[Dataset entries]
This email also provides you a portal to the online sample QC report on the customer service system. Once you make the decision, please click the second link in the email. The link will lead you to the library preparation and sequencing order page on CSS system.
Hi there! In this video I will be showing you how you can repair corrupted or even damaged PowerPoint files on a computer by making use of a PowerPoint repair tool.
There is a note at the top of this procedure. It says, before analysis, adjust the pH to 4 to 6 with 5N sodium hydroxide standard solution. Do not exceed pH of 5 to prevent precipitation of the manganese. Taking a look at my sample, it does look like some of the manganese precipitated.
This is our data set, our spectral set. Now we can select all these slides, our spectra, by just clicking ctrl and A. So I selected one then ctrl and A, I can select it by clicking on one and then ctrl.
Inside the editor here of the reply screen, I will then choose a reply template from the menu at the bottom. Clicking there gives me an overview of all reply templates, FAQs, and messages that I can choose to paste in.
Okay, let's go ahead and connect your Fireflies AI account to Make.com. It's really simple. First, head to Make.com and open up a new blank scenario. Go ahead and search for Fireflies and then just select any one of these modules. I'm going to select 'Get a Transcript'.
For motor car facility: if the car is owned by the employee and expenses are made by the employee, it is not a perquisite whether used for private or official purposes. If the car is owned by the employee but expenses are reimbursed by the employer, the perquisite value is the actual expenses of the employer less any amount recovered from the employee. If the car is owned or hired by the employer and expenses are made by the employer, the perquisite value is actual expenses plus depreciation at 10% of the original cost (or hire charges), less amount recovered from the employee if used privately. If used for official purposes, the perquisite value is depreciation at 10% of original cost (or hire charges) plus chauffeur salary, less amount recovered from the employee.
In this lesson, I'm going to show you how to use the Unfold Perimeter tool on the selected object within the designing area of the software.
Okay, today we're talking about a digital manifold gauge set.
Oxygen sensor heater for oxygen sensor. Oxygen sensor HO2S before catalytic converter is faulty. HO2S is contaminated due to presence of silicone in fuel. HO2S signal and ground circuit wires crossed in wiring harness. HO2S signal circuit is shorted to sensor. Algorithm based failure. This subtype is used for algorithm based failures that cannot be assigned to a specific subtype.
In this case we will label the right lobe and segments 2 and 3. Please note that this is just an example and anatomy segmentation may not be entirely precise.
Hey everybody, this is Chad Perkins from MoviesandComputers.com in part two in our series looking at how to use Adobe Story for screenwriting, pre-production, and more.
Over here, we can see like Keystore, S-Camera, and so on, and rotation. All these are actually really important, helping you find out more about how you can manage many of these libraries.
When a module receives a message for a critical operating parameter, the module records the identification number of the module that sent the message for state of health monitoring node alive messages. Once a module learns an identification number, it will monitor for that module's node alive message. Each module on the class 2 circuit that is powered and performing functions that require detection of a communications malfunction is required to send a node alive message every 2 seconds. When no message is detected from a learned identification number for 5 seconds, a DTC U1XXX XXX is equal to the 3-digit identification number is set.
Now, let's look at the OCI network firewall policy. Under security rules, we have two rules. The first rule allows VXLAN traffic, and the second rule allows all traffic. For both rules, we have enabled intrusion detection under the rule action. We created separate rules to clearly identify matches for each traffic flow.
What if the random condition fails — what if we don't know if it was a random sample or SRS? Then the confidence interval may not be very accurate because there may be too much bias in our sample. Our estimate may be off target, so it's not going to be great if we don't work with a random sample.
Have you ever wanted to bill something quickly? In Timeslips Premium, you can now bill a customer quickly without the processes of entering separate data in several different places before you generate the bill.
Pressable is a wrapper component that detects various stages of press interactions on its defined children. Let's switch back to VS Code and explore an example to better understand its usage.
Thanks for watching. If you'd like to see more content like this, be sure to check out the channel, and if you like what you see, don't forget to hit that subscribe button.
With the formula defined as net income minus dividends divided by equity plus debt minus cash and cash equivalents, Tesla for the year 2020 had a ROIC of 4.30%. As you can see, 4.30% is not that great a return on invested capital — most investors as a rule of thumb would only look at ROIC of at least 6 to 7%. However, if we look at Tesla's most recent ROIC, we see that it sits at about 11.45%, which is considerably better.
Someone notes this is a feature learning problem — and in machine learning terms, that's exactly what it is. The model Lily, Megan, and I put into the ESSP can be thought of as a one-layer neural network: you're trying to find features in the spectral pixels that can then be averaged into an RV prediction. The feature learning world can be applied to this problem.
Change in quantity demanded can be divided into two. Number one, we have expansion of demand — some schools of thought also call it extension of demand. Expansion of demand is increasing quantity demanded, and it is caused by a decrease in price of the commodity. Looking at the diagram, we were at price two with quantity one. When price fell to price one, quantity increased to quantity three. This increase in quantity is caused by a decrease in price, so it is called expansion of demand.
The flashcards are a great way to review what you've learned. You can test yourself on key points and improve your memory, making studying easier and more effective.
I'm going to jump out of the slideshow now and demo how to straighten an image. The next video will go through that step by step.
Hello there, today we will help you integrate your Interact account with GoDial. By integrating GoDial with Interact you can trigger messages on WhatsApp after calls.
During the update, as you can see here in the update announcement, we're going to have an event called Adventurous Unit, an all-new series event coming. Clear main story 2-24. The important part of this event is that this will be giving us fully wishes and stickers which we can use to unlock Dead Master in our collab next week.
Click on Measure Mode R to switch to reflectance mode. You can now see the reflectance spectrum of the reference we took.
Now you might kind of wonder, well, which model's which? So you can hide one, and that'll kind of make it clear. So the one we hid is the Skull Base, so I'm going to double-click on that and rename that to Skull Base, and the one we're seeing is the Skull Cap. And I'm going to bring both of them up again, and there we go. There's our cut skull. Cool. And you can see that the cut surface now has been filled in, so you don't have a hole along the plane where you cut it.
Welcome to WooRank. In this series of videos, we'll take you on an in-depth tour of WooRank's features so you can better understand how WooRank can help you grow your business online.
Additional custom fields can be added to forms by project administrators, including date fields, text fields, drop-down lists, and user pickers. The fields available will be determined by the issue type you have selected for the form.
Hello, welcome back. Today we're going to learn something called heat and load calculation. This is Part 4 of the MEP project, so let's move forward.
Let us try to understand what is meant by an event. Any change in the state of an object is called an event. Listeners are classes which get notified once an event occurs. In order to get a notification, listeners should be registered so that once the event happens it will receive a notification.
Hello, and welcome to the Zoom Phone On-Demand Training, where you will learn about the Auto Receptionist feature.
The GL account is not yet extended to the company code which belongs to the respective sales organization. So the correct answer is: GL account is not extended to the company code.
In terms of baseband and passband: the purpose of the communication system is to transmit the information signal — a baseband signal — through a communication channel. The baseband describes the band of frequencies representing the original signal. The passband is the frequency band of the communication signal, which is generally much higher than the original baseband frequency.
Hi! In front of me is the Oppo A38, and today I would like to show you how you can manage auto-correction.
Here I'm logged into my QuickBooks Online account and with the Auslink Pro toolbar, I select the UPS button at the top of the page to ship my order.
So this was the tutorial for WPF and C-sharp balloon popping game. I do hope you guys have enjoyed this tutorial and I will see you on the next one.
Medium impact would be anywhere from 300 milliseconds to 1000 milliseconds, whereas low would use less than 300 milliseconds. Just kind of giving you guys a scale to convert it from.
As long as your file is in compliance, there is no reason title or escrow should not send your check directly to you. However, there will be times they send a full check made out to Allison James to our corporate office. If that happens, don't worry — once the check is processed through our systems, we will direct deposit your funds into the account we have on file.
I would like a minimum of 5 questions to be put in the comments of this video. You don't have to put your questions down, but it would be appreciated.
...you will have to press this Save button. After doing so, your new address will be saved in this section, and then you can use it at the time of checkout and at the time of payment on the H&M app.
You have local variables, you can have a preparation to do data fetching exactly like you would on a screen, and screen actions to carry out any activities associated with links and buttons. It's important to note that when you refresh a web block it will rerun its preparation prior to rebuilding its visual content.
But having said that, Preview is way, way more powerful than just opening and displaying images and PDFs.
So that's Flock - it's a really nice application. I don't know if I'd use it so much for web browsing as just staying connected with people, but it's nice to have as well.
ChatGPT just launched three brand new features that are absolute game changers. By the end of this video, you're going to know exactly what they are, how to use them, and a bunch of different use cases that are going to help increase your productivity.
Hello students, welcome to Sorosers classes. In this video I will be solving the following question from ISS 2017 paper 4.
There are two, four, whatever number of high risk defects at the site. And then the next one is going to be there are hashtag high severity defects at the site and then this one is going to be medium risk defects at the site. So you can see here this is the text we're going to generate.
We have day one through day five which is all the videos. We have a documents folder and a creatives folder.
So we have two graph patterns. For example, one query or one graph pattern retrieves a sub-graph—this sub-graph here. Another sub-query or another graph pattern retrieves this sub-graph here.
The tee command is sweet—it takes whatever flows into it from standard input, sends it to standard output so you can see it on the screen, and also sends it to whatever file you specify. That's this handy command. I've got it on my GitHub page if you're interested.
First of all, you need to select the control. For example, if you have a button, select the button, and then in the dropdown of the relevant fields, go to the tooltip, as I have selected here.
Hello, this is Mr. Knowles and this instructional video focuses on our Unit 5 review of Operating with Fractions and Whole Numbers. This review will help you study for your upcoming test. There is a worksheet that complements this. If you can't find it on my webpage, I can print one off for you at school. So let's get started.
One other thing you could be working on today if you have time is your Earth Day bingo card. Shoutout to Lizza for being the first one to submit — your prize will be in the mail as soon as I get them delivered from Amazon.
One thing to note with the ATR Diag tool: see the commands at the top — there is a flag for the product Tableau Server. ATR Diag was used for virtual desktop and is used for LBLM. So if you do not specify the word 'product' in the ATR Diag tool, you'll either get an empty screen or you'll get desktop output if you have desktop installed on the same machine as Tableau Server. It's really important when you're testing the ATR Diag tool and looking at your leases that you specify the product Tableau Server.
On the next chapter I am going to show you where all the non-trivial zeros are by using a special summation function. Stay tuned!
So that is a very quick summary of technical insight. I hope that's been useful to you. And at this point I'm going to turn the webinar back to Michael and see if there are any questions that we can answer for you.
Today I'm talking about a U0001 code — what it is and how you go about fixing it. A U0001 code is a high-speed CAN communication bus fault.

TASK DESCRIPTION: If a line in the data contains the string "manage", copy it.

SOLVED EXERCISE:
Over here, we can see like Keystore, S-Camera, and so on, and rotation. All these are actually really important, helping you find out more about how you can manage many of these libraries.
Hi! In front of me is the Oppo A38, and today I would like to show you how you can manage auto-correction.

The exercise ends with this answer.